Facebook, nymwars, and real names

Last year, Moritz Hardt wrote this in his article on fairness:

Suppose a social network attempted to classify user names into ‘real’ and ‘fake’. Anybody still remember Nymwars? White male American names are pretty straightforward to deal with compared with ethnic names. In some ethnic groups, names tend to be far more diverse.
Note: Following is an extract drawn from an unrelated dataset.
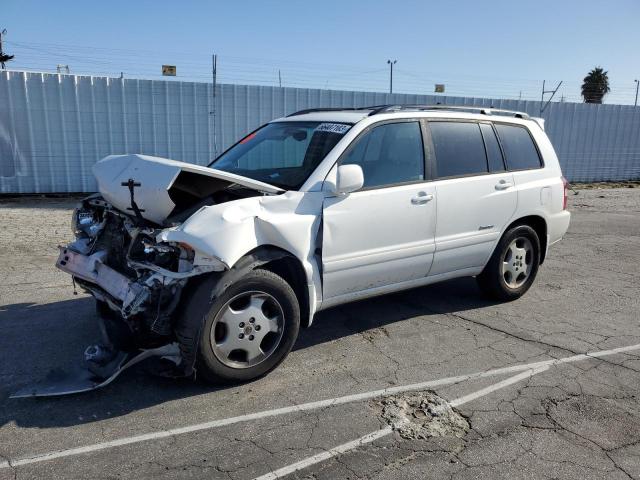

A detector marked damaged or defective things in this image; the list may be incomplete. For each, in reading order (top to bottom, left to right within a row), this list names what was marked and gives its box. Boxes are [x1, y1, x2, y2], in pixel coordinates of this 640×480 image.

crumpled hood [92, 155, 282, 224]
crashed suv [52, 105, 568, 386]
cracked asphalt [1, 188, 640, 480]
Fewer people (if any) carry the same name—a typical sign of a ‘fake’ profile among white Americans.

The lesson is that statistical patterns that apply to the majority might be invalid within a minority group.

Last month, this happened on Facebook:

My mother’s is Lone Hill, my father’s is Lone Elk. Even though word wise they are very different, the meanings are worlds apart as to how they were both given. And both sides of my family carry the name with pride. We also still practice the ceremony of individual name giving and I have often included my Lakota name in the parenthesis or nickname option on facebook. That name is Oyate Wachinyanpi, given to me by my father, meaning People Depend On. My children each have their own individual Lakota names as do my brother and his children, all given to us by our father, grandfather.

That being said Facebook shut me out for using my father’s and my mother’s last names. I switched it back to my mother’s last name and they let me sign on for a few hours, then shut me back out again when I was trying to comment. When I tried to log back in same message as before except they wanted proof of ID. To date I have sent 3 forms of ID, one with a picture, my library card, and a piece of mail in file form. I received a generated message to be patient while they investigate to see if I am a real person.